BEGIN

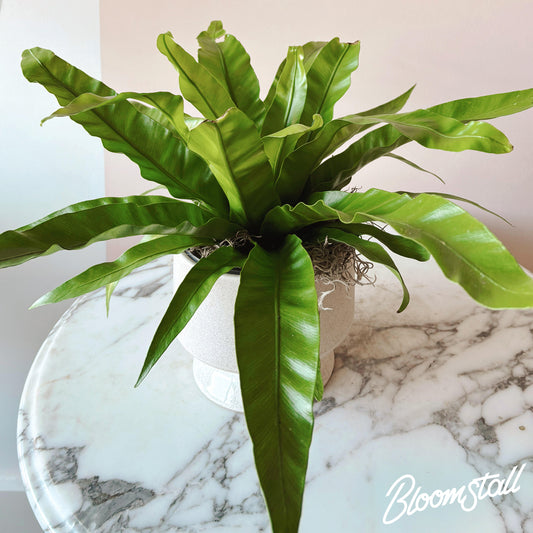 Bird’s Nest Fern - House Plants by Bloomstall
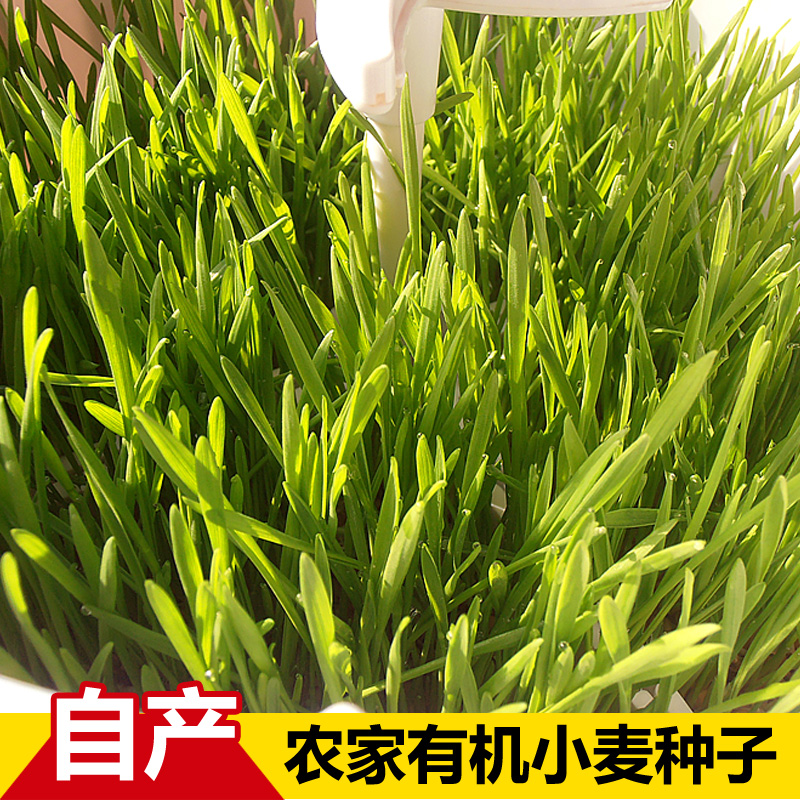 小麦种子猫草小麦草麦粒麦芽糖回春水榨汁高产农家麦苗种子包邮在类目 鲜花速递/花卉仿真/绿植园艺, 园艺用品, 育苗盘/营养钵中 - 来自Buy2taobao.com提供专业的淘宝代购服务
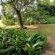 Mulberry Lane Suites & Tsanana Log Cabins - 244197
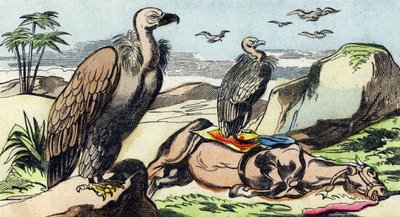 Gribber. Gravering i "Buffon Alphabet des Oiseaux n 1". 3. Serie N 1. Avbildning av Epinal, Epinal, sent på 1800-tallet. 16 sider. Mål: 28x21cm av French School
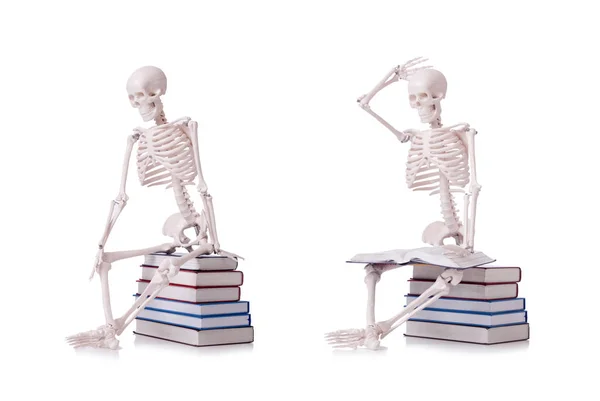 Skeleton reading books on white — Stock Photo, Image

END

* _ASSIGNMENT_
Take the lines from the start of the material to the line with "Mulberry Lane Suites", both included, and transcribe them exactly without the pictures.

* _PROBLEM SOLUTION_
 Bird’s Nest Fern - House Plants by Bloomstall
 小麦种子猫草小麦草麦粒麦芽糖回春水榨汁高产农家麦苗种子包邮在类目 鲜花速递/花卉仿真/绿植园艺, 园艺用品, 育苗盘/营养钵中 - 来自Buy2taobao.com提供专业的淘宝代购服务
 Mulberry Lane Suites & Tsanana Log Cabins - 244197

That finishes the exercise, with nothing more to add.